▸ WHAT YOU WILL DO:
Gather all lines in the entries below that include the word "Pleated".

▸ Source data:
__________________________________________________
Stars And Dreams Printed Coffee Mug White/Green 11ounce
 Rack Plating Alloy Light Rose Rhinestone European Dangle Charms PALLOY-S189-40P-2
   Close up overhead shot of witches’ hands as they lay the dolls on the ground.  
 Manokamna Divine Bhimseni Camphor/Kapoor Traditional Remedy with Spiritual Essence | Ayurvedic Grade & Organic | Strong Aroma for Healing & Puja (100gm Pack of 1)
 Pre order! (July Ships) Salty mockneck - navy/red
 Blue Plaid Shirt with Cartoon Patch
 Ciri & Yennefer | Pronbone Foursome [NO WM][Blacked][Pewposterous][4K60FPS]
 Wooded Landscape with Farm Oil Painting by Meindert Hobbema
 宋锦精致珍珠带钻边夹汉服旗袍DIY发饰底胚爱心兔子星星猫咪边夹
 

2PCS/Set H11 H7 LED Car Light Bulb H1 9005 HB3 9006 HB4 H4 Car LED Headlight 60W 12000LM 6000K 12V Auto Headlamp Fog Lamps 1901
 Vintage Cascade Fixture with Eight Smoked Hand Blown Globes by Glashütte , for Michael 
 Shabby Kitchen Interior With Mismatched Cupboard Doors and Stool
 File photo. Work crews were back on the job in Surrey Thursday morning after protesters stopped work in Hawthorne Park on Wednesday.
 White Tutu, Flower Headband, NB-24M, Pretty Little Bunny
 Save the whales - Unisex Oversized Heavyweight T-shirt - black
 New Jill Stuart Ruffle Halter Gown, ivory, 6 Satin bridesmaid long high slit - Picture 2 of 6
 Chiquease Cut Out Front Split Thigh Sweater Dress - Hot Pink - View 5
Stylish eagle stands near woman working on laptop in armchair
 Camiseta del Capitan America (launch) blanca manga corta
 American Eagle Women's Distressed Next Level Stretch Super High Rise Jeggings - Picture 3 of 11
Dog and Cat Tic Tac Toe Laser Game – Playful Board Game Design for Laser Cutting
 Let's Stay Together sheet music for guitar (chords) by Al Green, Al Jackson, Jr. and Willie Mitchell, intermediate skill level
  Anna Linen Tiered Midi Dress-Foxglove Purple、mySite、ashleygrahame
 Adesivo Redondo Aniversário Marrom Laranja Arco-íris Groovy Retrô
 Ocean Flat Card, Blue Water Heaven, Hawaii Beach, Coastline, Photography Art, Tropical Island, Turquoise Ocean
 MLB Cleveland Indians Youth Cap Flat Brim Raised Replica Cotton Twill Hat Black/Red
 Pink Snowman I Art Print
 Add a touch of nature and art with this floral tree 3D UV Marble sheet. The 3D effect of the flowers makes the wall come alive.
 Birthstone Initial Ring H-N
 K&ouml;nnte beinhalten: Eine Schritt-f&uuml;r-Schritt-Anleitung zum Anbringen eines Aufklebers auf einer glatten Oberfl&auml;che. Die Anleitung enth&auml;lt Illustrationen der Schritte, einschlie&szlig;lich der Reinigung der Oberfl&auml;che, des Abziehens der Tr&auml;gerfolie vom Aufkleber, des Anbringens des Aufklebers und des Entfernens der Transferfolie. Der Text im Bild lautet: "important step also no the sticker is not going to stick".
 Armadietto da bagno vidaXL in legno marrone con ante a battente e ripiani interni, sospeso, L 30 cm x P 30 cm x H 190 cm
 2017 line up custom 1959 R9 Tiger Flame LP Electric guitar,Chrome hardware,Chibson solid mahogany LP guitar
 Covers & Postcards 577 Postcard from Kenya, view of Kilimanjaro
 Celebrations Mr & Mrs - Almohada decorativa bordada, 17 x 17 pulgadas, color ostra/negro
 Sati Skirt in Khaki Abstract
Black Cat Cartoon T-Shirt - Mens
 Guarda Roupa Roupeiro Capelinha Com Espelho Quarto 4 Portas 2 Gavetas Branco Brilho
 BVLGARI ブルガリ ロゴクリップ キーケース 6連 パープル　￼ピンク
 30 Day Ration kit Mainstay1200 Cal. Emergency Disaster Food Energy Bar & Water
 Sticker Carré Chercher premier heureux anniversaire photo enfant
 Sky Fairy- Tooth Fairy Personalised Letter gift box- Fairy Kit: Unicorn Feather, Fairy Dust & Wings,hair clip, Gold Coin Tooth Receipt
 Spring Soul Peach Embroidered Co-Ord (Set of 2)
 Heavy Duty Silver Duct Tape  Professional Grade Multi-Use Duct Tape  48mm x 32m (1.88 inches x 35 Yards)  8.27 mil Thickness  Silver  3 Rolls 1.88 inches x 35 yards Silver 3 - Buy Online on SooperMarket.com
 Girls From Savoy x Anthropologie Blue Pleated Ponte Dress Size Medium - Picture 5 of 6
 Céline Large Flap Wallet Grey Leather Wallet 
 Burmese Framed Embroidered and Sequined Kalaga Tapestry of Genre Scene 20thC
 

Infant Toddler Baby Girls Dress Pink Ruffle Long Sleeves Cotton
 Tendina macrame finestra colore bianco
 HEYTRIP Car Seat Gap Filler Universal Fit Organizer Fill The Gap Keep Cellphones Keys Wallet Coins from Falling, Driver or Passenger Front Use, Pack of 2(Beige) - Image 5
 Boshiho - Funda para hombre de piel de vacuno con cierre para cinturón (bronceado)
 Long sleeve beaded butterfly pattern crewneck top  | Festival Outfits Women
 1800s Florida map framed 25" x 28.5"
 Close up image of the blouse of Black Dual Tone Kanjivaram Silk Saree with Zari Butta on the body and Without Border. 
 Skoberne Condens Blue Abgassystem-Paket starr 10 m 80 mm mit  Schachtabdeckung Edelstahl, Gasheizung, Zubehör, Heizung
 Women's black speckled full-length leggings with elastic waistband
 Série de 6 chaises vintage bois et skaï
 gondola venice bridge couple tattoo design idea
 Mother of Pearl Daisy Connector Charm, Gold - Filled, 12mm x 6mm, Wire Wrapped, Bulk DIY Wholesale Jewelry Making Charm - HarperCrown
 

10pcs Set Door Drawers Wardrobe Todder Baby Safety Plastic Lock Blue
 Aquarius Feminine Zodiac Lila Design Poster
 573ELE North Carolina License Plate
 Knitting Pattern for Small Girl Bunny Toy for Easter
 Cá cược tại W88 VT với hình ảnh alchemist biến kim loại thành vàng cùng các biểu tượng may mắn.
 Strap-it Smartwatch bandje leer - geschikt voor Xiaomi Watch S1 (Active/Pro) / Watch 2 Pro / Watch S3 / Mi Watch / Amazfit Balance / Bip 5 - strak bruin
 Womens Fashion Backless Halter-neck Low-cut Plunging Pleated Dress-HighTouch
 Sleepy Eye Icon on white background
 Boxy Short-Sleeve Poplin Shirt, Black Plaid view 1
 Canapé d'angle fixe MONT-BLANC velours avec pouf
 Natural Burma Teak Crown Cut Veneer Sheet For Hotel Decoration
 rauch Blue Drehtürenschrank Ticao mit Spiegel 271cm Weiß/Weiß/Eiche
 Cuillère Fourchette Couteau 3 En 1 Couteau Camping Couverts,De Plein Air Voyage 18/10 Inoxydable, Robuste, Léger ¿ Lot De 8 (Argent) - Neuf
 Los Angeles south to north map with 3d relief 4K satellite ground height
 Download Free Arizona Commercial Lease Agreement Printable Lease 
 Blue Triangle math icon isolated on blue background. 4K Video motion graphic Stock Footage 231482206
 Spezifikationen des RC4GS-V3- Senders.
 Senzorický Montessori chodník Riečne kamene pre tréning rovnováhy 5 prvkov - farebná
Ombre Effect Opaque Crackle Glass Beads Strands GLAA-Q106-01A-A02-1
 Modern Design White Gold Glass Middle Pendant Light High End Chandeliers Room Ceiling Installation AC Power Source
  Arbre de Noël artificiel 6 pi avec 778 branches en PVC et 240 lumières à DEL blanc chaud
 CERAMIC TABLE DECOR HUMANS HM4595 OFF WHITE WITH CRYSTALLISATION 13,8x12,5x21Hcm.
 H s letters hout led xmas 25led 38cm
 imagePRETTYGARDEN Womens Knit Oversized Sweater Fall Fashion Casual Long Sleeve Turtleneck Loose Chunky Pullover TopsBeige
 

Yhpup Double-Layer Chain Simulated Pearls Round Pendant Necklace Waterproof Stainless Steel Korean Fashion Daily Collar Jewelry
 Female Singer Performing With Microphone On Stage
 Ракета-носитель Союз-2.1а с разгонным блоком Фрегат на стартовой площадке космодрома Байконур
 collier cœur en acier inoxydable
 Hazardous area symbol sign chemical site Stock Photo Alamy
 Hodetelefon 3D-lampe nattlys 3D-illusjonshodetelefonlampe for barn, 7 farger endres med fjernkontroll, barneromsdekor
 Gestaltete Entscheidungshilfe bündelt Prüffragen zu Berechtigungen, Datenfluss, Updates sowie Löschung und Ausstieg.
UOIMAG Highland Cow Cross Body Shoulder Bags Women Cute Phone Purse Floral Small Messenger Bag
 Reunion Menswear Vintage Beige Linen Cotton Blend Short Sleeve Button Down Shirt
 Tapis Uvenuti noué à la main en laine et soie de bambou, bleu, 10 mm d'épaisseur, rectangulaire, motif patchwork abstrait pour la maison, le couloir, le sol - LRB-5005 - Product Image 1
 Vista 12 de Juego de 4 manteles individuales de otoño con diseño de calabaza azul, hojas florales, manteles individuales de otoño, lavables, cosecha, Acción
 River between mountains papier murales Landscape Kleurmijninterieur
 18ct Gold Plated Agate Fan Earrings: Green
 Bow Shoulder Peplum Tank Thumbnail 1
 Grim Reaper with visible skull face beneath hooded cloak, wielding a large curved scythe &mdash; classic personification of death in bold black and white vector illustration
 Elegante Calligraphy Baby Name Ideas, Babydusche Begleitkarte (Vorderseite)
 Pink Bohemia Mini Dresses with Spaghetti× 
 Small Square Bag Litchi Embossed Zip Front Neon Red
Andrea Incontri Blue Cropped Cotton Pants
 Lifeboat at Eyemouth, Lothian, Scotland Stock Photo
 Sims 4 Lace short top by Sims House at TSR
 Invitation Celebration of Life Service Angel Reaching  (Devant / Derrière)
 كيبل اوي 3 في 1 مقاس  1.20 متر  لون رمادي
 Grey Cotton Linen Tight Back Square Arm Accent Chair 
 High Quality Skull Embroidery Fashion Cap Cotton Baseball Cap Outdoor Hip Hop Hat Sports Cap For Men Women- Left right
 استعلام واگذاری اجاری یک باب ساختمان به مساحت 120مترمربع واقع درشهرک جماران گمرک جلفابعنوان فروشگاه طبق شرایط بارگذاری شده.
__________________________________________________
▸ ANSWER FOR THE TASK:
 Girls From Savoy x Anthropologie Blue Pleated Ponte Dress Size Medium - Picture 5 of 6
 Womens Fashion Backless Halter-neck Low-cut Plunging Pleated Dress-HighTouch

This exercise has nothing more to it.